After several years of excellent research by Adrian Bott, we now know the following things. Spring Equinox was not actually celebrated by ancient pagans in the British Isles; nor was it a fertility festival. There was probably a festival at the fourth full moon of the year, at which cattle were sacrificed. Eostre was most probably a goddess local to Kent, although her name is cognate with various other goddesses of dawn and light, such as Austriahenea and Ausrine.
Various animals are associated with the festival of Easter in folklore (none of them are associated with the goddess Eostre): the Easter Hare, the Easter Fox, the Easter Stork, and the Easter Cuckoo, all of which bring eggs. None of them are particularly cute and fluffy, so didn’t work too well on Easter greetings cards, unlike chicks and bunnies. And none of them are fertility symbols.
So where does that leave contemporary Pagans who want to celebrate the Spring Equinox? Well, you could continue with the modern symbolism of Eostre (just don’t tell people that it’s ancient, because it isn’t), or you could go back to the Anglo-Saxon practice of eating roast beef or lamb (or substitute a feast of nut-roast, if you’re a vegetarian or a vegan). You could celebrate the Roman festival of Hilaria. Or you could draw on the astronomical fact of day and night being equal.
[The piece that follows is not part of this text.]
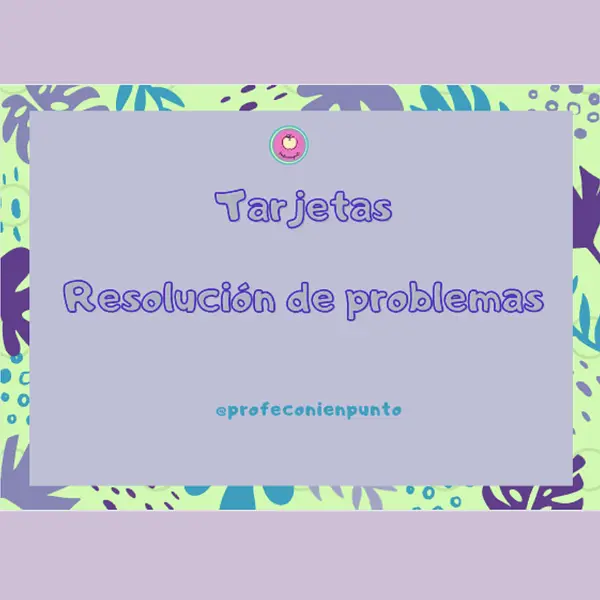 Tarjetas de resolución de problemas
There are also frequently high tides at the spring equinox, which gives rise to the fascinating phenomenon of the Severn Bore, so you could inject some much-needed sea mythology and symbolism into contemporary Pagan ritual. It could be a time to honour Njörðr, or Rán and Ægir.
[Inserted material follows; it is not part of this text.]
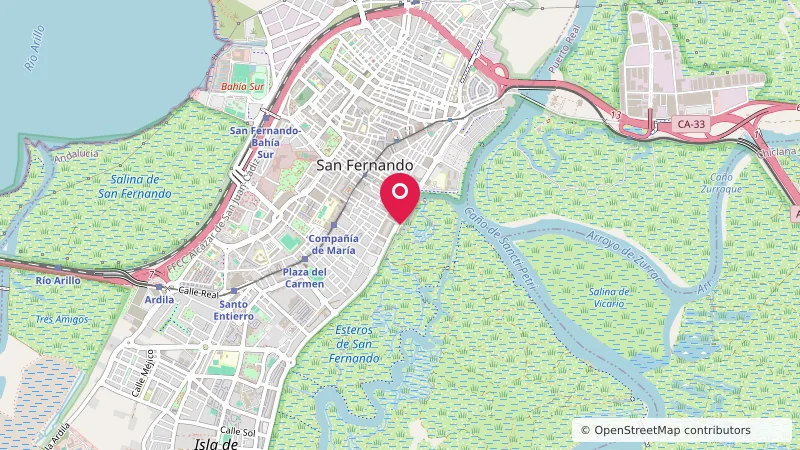 Aparcamiento de Autocaravanas San Fernando - Avenida Ronda del Estero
It also occurs to me to wonder when the sacred cart of Nerthus set forth on its annual journey from the sacred island to bless the land – wouldn’t this have taken place in Spring, when the crops are coming up? A similar custom was practised for Freyr.
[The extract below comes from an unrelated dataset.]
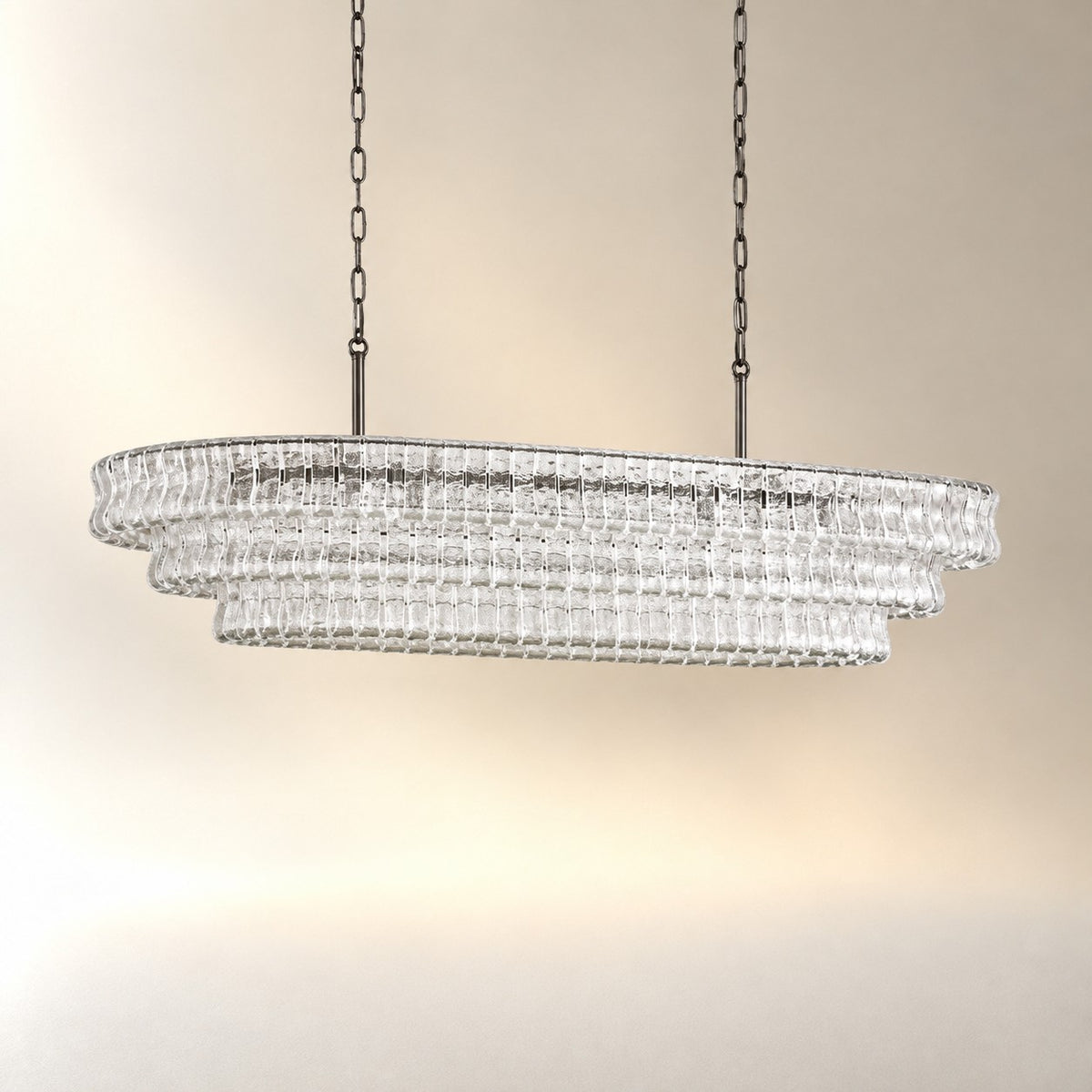 Ghiaccio Oval Chandelier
It is all too tempting to claim that the Christians stole, or overwrote, the ancient pagan festivals, but the story is much more complicated than that, as ancient pagan religions didn’t all celebrate the same festivals, and there was no festival of the Spring Equinox, and it was not associated with eggs and bunnies. The most similar ancient pagan festival to Easter seems to be Hilaria, which celebrated the dying and resurrecting god Attis.![Romanian Easter eggs [Public Domain, CC0]](https://dowsingfordivinity.files.wordpress.com/2018/01/romanian-easter-eggs-599428_960_720.jpg?w=300)
Romanian Easter eggs. Photo by JackMac34 [Public Domain, CC0]
I’ll leave the last word to Adrian Bott, who has become an essential part of the Pagan Eastertide:
“I think we have to reaffirm the importance of the local, the personal, the particular. Don’t just accept the stories you’re told uncritically and circulate them. Embrace the uncertainty and tell your own stories. I have no interest in the rosy-cheeked smiling flowers-and-ribbons choccy-box Eostre with basket of decorated eggs and fluffy rabbit that you see all over the place on the pagan Internet.
“But a wild-eyed Eostre, a survivor, young and rangy and half-starved from winter, clawing her way up a barren mountainside with her fox at her heels towards a blood-red Spring dawn, grinning in triumph, alive, unbroken, unbreakable? I’ll drink to her any day.”
Further reading
- Adrian Bott (2009), Eostre: the making of a myth (part 1)
- Adrian Bott (2010), Eostre: the making of a myth (part 2)
- Adrian Bott (2011), The modern myth of the Easter bunny. The Guardian.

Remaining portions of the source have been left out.